With the Second World War underway, he volunteered for service in the U.S. Army at age 19 and was assigned to the Ninth Army’s 435th troop carrier group, working in support of Army paratroopers. Hurd saw his war service as a bit of a cakewalk. “Some of those V2 rockets flying around were our only danger,” he said. 1 When not on duty, Tom kept himself in shape and played ball whenever the opportunity presented itself.
In fact Tom owed his professional career to his wartime ball playing. Hurd played for the First Air Cargo Re-supply Squadron. A friend of White Sox manager Jimmy Dykes was on the team and recommended Tom. The youngster had added two inches and gained more than 30 pounds to tip the scales at 160 pounds.
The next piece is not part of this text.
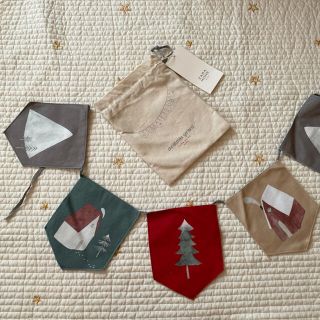 ザラホーム(ZARA HOME)のzara home kids ザラホーム  キッズ　ガーランド(その他)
The White Sox signed him in 1946 and assigned him to their Class D team at Cordele, Georgia, in the Georgia-Florida League. His first season of professional ball saw him hit .233 with 50 RBIs. Despite committing 88 errors in the field, he was elevated to Fall River of the Class B New England League the following season. Those errors started Tom thinking about the mound.
Midway through the 1947 season, Tom was moved laterally to Waterloo, Iowa, of the Three I League. He ended up in Iowa due to a simple matter of team chemistry, explained a Waterloo sportswriter. “Newly installed Mgr. Jack Onslow and his shortstop Frank Whitman weren’t seeing eye to eye on things. Onslow made a phone call to Fall River and offered to trade Whitman then hitting .280 and driving in runs with extra base knocks, for this 5’9” sophomore. Fall River jumped at the chance and Onslow wasn’t slow in handing Whitman a one way ticket east.” 2 At the time, Hurd was hitting just .214 with 21 runs batted in. In a rare show of power, Tom hit two home runs – his professional best. At first it looked like a lopsided deal for Fall River as Tom began his days as a White Hawk with a horrendous 0-for-26 slump. His fielding was nothing to get excited about either but when he threw the ball to first everyone in the stadium noticed the pop he had on the ball. The end of the 1947 season saw Tom with virtually the same stats he’d had in Fall River: a .213 batting average, one home run, and 17 RBIs.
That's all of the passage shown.